Weit über 100 katholische Geistliche in Deutschland segnen gleichgeschlechtliche Paare. Eine Sensation. Eine Selbstverständlichkeit. Und mehr.

In München oder Münster, in Köln oder Konstanz, Berlin oder Buxtehude. In mehr als 100 katholischen Kirchengemeinden Deutschlands segnen katholische Geistliche in diesen Tagen gleichgeschlechtliche Paare. Das ist kirchlicherseits nicht zulässig und vom Vatikan auch offiziell untersagt. Die Priester segnen trotzdem – oder auch deswegen.

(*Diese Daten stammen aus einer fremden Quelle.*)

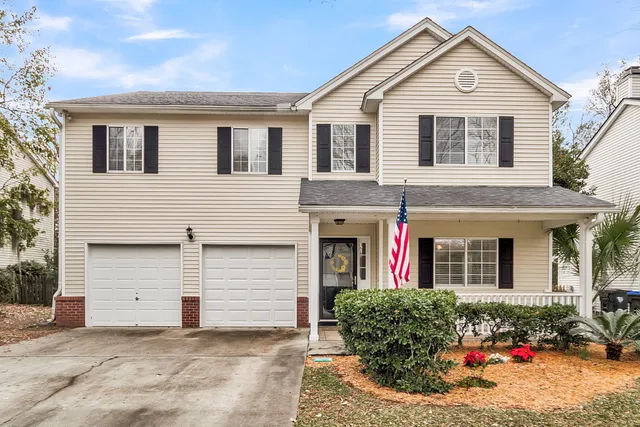 $389,000 | 12 Creek Bend Drive, Summerville, SC 29485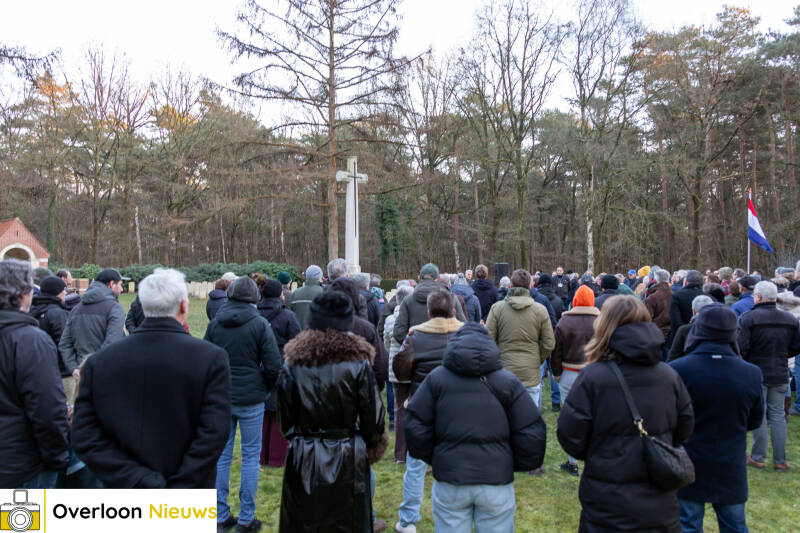 indrukwekkende-herdenking-op-overloon-war-cemetery-24-12-2025-08-standard.jpg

„Das lateinische Wort für ’segnen‘ heißt ‚benedicere‘, also ‚gut sagen‘. Das hat schon auch mit Anerkennung zu tun“, sagt Burkhard Hose der Deutschen Welle. Der Hochschulpfarrer hatte zur Feier in die Würzburger Augustinerkirche unter dem Motto „Wir können doch gar nicht anders als Segnen“ geladen. Hose betont: „Wenn wir heute gleichgeschlechtlich liebende Paare segnen in unserer Zeit, dann erkennen wir auch ihre Beziehung an. Es ist ein Stück Anerkennung der Lebensrealität, der Vielfalt, auch in der Schöpfung und der Art und Weise, wie Menschen in unterschiedlicher sexueller Orientierung auch ihre Beziehungen leben. Und das ist einfach jetzt noch der Kontrast zu dem, was offiziell im Katechismus zu finden ist.“ Denn der Katechismus, die offizielle katholische Lehre, anerkennt homosexuelle Liebe nie und sieht sie als „Handeln wider die Natur“.